En efecto, el Art. 1º Párr. 3º de la Ley 27.348 sólo dispone que tienen “la vía judicial expedita”, para el reclamo de las prestaciones “Los trabajadores vinculados por relaciones laborales no registradas con empleadores alcanzados por lo estatuido en el apartado primero del artículo 28 de la ley 24.557”, (el resaltado es nuestro), norma que contempla la situación del empleador que omitió afilarse a una ART en cuyo caso –prevé la norma- “responderá directamente ante los beneficiarios de las prestaciones previstas en esta ley”. Pero en este supuesto, se contempla la situación de un empleador que está fuera del sistema, no está afiliado a una ART. No está asegurado. La norma faculta en ese caso –y es lógico- al trabajador para que demande judicialmente, en forma directa, el otorgamiento de las prestaciones –dinerarias y en especie-, previstas en la Ley 24.557 y complementarias.

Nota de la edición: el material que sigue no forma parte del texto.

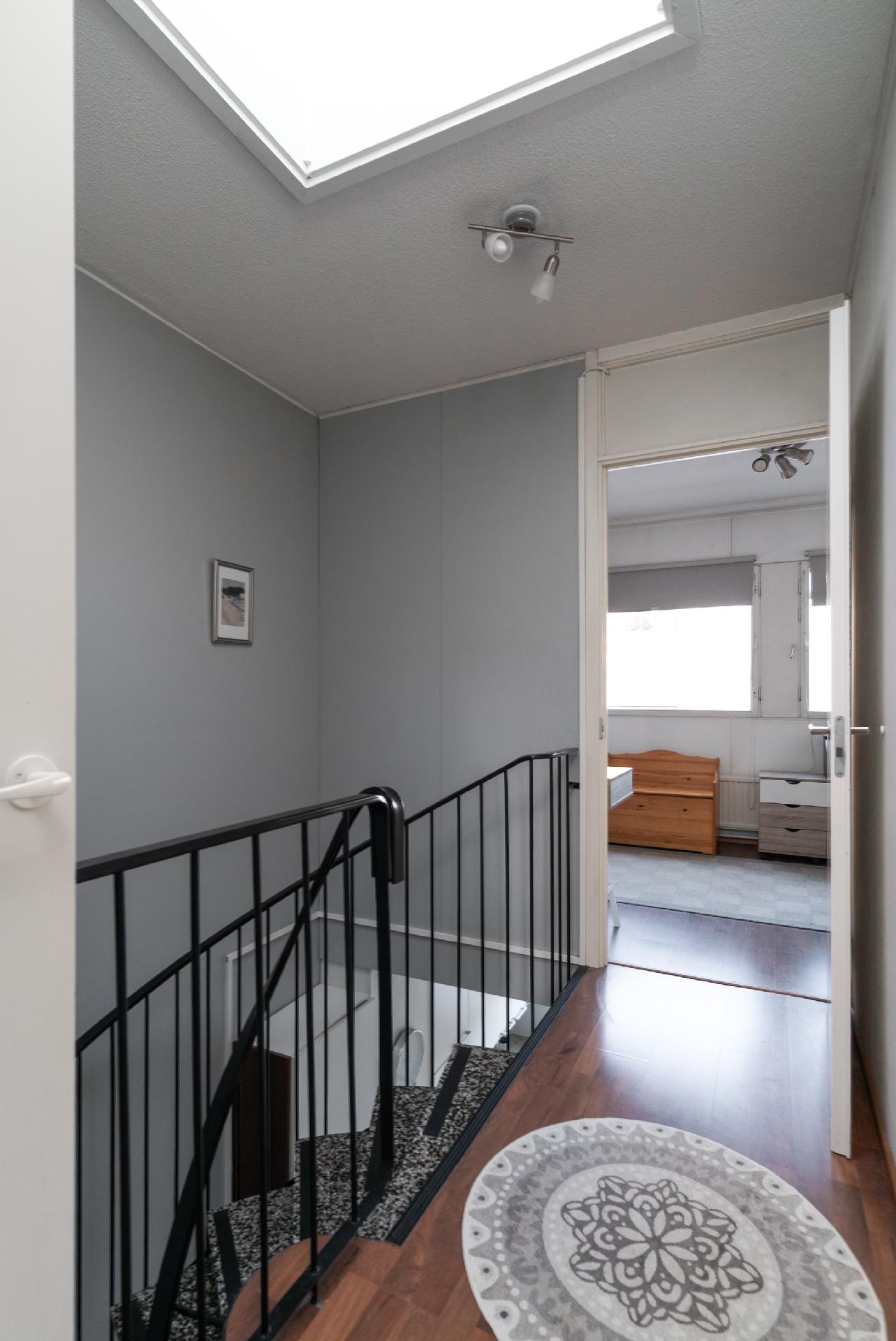 Yläkerran portaikko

Sólo en este caso el trabajador siniestrado está dispensado de agotar la instancia administrativa ante las Comisiones Médicas, debiendo accionar ante la justicia del trabajo contra su empleador para que éste responda por las prestaciones (dinerarias y en especie) del régimen especial.

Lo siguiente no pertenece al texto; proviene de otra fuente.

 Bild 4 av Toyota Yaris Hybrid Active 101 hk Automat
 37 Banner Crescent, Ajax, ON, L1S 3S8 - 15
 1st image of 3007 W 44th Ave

Distinta es la situación del empleador que omitió declarar su obligación de pago o la contratación de un trabajador pero que se encuentra afiliado a una ART. Aquí encontramos un empleador afiliado a una ART, pero que no ha comunicado el alta de la relación laboral a la AFIP o lo hizo, pero declarando una fecha de inicio posterior a la real o ha consignado en la declaración jurada mensual de aportes y contribuciones de ese organismo una remuneración inferior a la real. Este supuesto lo prevé el apartado 2º del Art. 28 de la Ley 24.557, norma que obliga a la ART a otorgar las prestaciones que pudieran corresponder, facultándoles a repetir del empleador su costo. Habrá en estas situaciones un reclamo de registración del trabajador que es planteado generalmente en los términos de la Ley 24.013 y puede tener dos derivaciones:

1) Que el empleador rechace el reclamo: El Art. 6º inc. a) del Decreto 717/96 establece que la denuncia del siniestro laboral puede ser rechazado por la ART, fundado en “el desconocimiento por parte del empleador, de la relación laboral invocada”, en cuyo caso, dicha situación debe ser dirimida por la justicia del trabajo.

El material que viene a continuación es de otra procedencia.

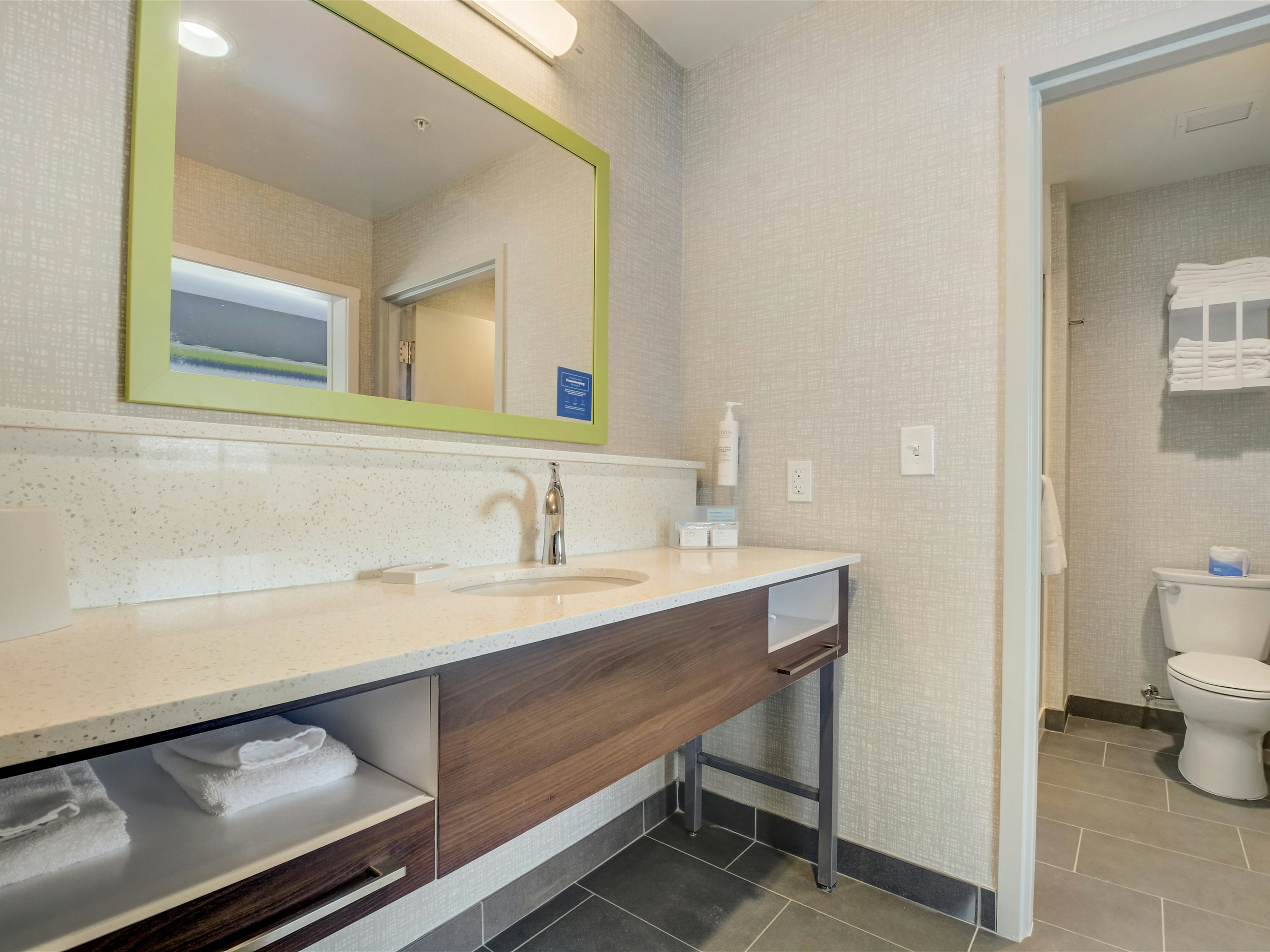 استوديو بسرير كينج لذوي الإعاقة، Hampton Inn and Suites Williamstown Ark Encounter 4/10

2) Que el empleador dé cumplimiento íntegro a la intimación cursada por el trabajador dentro de los 30 días de notificado de aquella. En este caso, la ART otorgará las prestaciones conforme a los registros de la relación laboral y tendrá derecho a repetir su costo del empleador asegurado. Las Comisiones Médicas tendrán intervención en el marco de su competencia si se solicita “la determinación del carácter profesional de la enfermedad o contingencia” (en otras palabras si se trata o no de un accidente de trabajo o enfermedad profesional) o debe determinarse un grado de incapacidad y las correspondientes prestaciones dinerarias (Ley 27.348, Art. 1º) o en especie (Ley 24.557. Art. 21 inc. c) que prevé el régimen especial de Riesgos de Trabajo.